Segment Start: THE DATA

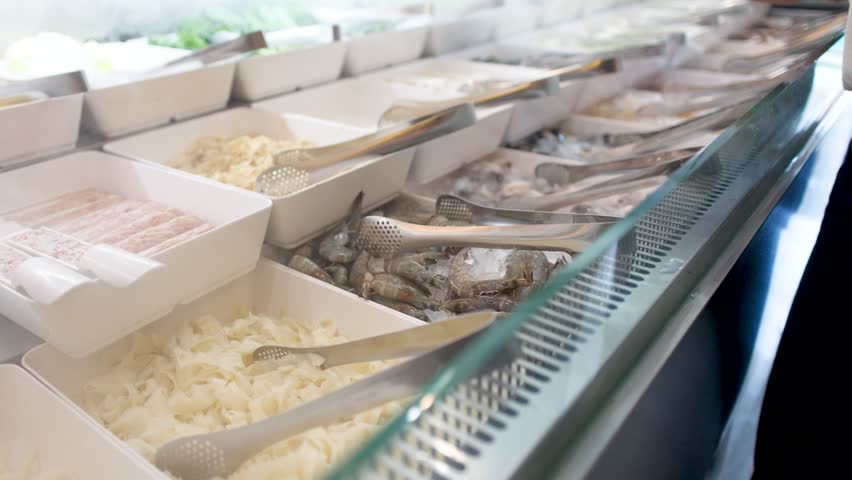 A person uses metal tongs to pick raw shrimp from an iced buffet display counter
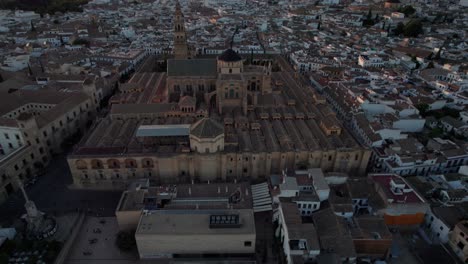 circling-aerial-view-of-mosque-cathedral-in-Cordoba,-Spain-during-blue-hour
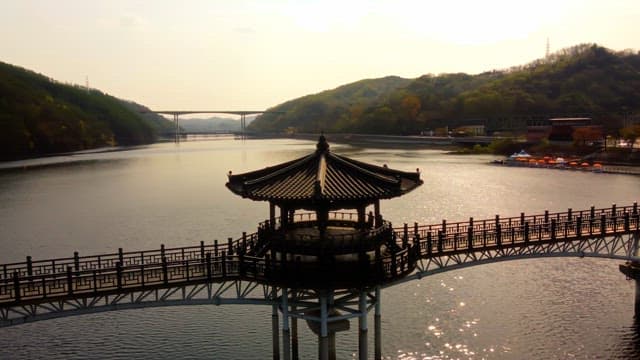 Traditional pavilion over a serene river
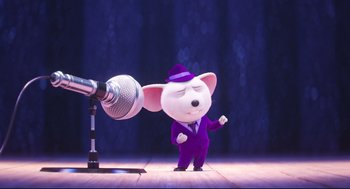 Movie still from “Sing” (2016), directed by Christophe Lourdelet – A cartoon mouse in a purple suit standing next to a microphone; Medium shot, Low angle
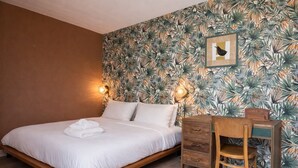 Une chambre à coucher avec un lit, des lampes de chevet, un bureau et une chaise.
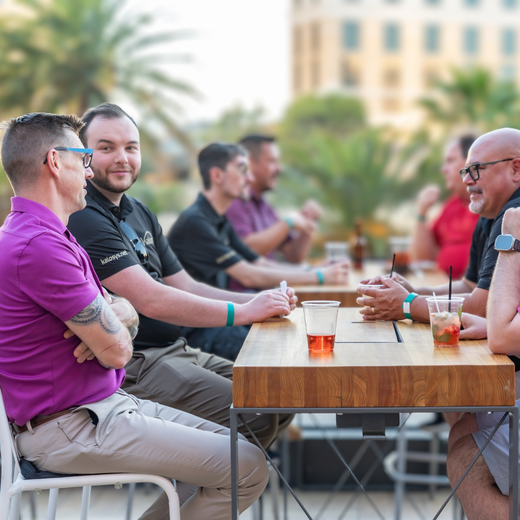 A group of colleagues smile and laugh across an outdoor picnic table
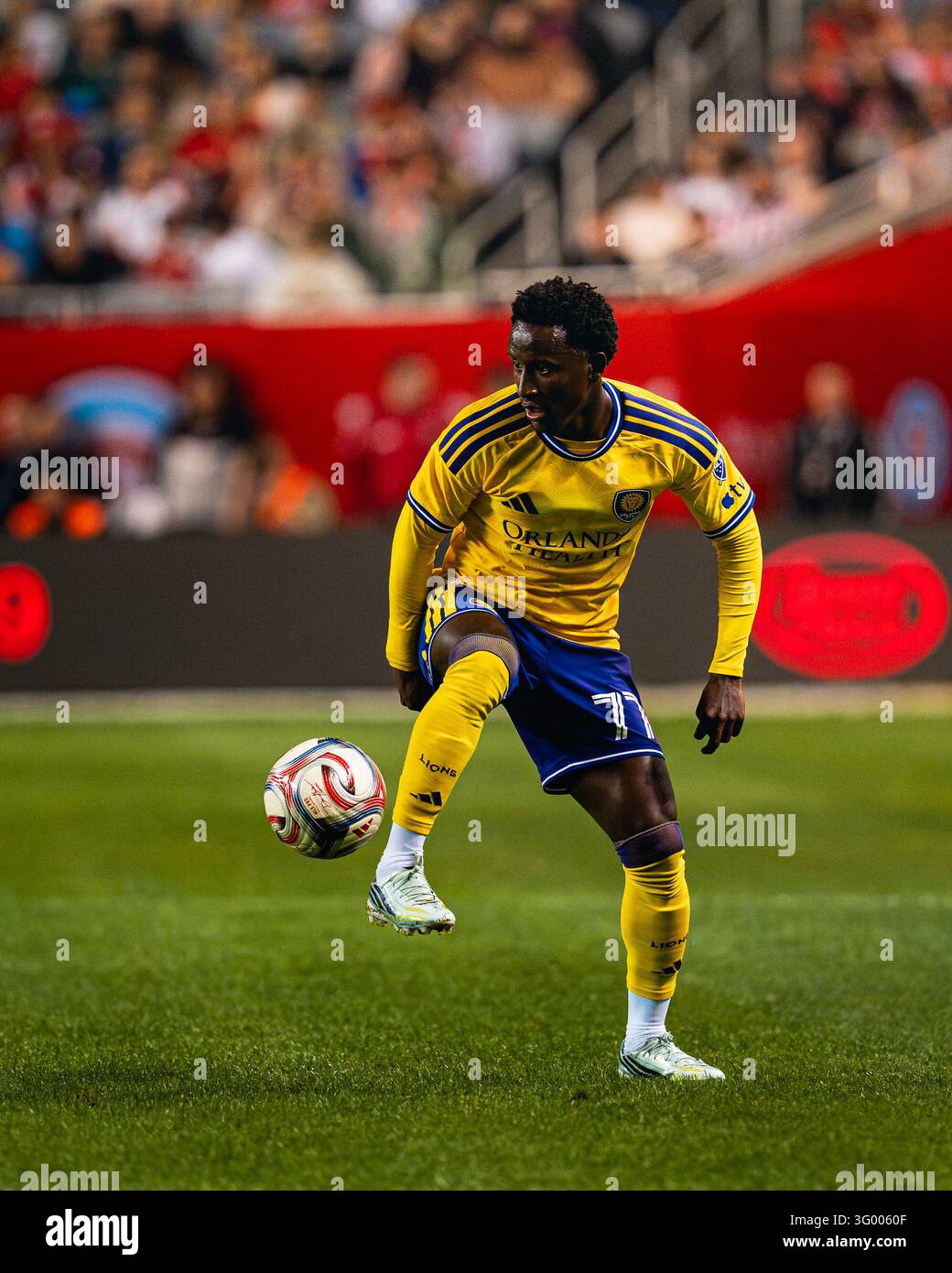 Orlando City SC midfielder Iván Angulo (77) controls ball during the ...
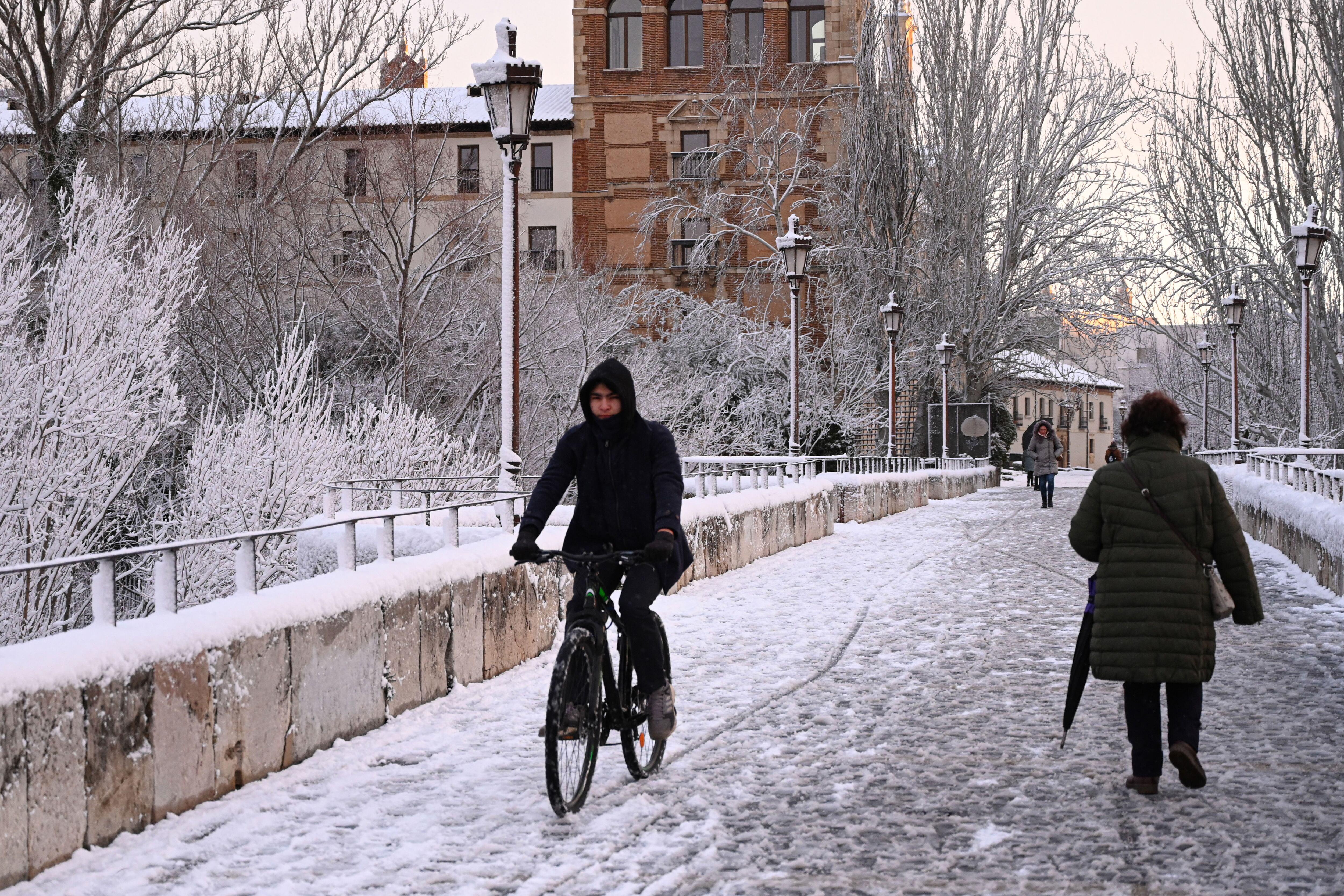 Varias personas cruzan una calle cubierta de nieve este miércoles en la capital leonesa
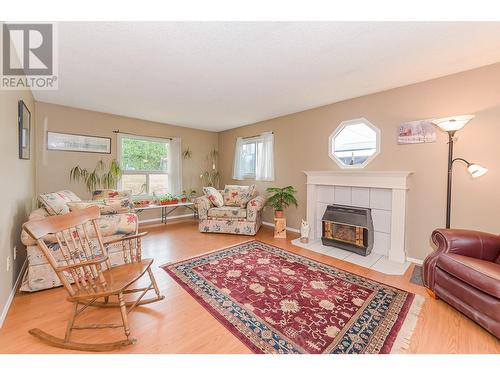 4420 Schubert Road, Spallumcheen, BC - Indoor Photo Showing Living Room With Fireplace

Segment End: THE DATA

WORK ITEM
Starting at the line where "Une chambre à" appears, restate every line through the end of the records above exactly, but omit the pictures.

EXERCISE ANSWER
 Une chambre à coucher avec un lit, des lampes de chevet, un bureau et une chaise.
 A group of colleagues smile and laugh across an outdoor picnic table
 Orlando City SC midfielder Iván Angulo (77) controls ball during the ...
 Varias personas cruzan una calle cubierta de nieve este miércoles en la capital leonesa
 4420 Schubert Road, Spallumcheen, BC - Indoor Photo Showing Living Room With Fireplace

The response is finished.